# [Task instructions]
Please, from the entries below, transcribe exactly the lines that begin at the line with "Vestido marrón volantes" and end at the line with "Емитовање снимка екрана AdeleBlue", without the pictures.

# [Listed records]
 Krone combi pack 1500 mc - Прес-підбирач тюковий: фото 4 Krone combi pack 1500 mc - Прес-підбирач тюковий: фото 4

...

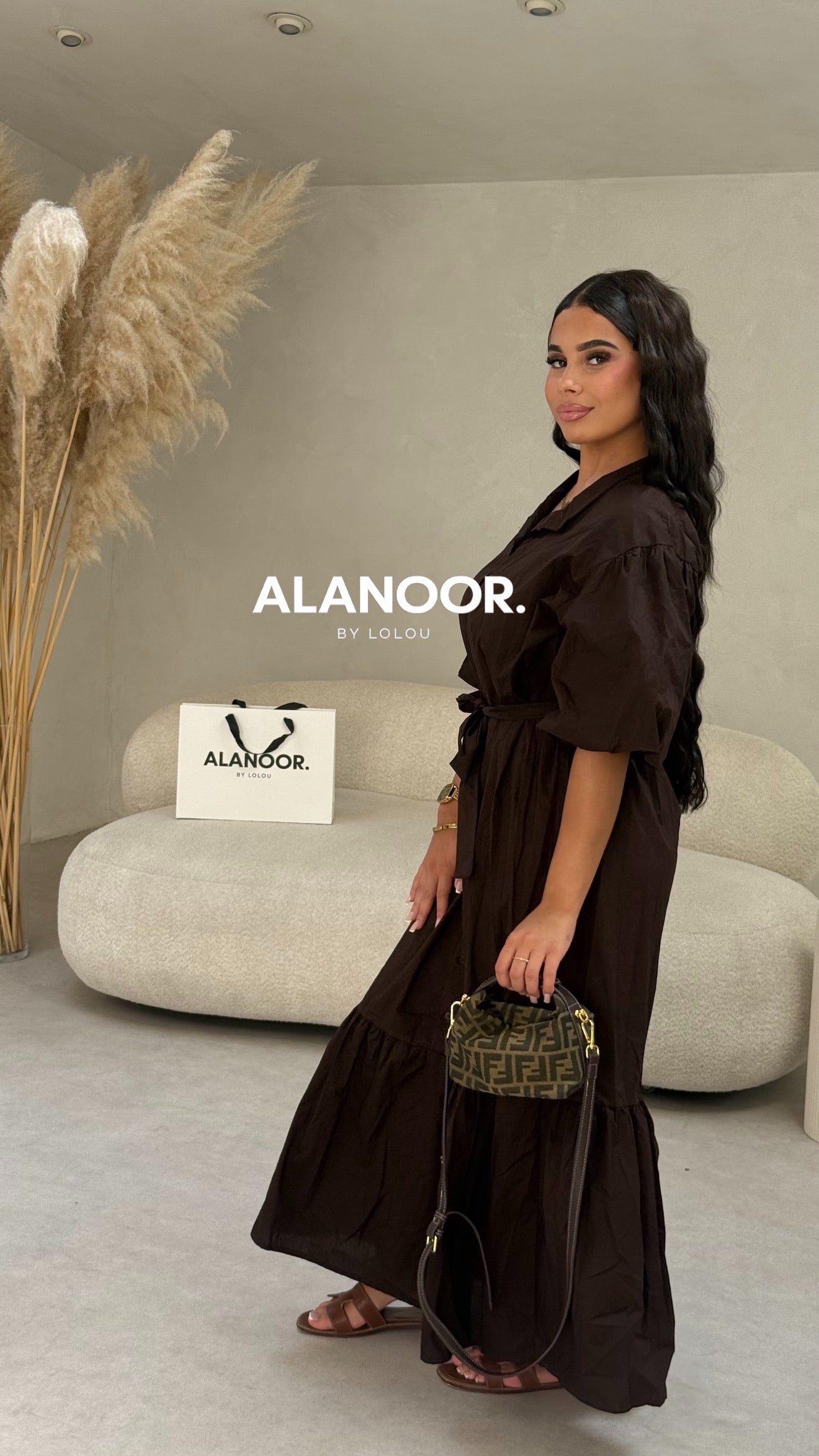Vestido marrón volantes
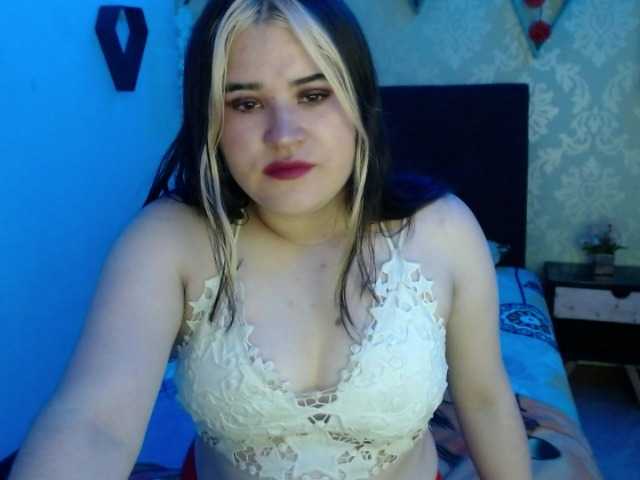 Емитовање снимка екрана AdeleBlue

...

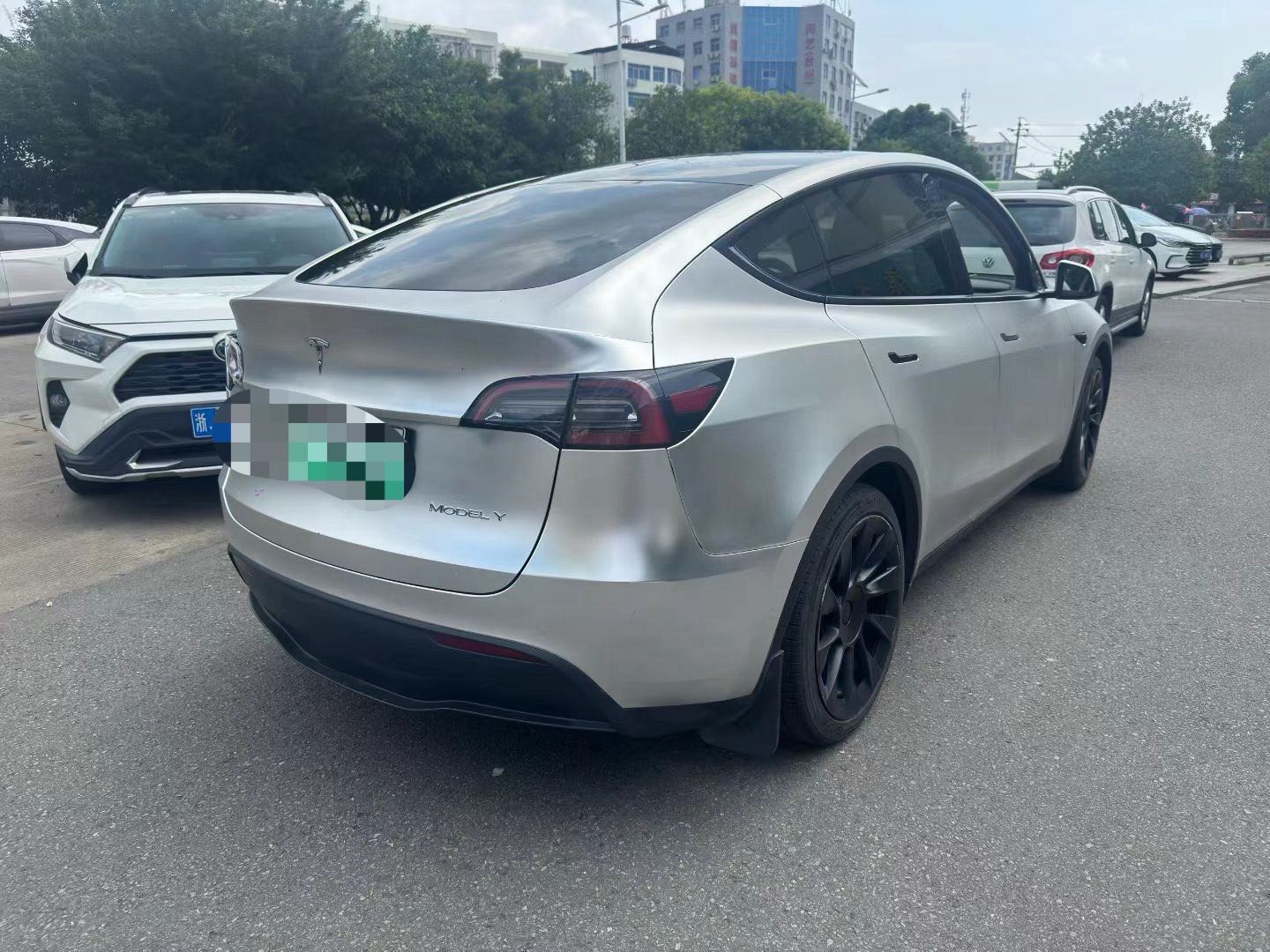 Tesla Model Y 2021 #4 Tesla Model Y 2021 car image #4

# [Output for this exercise]
Vestido marrón volantes
 Емитовање снимка екрана AdeleBlue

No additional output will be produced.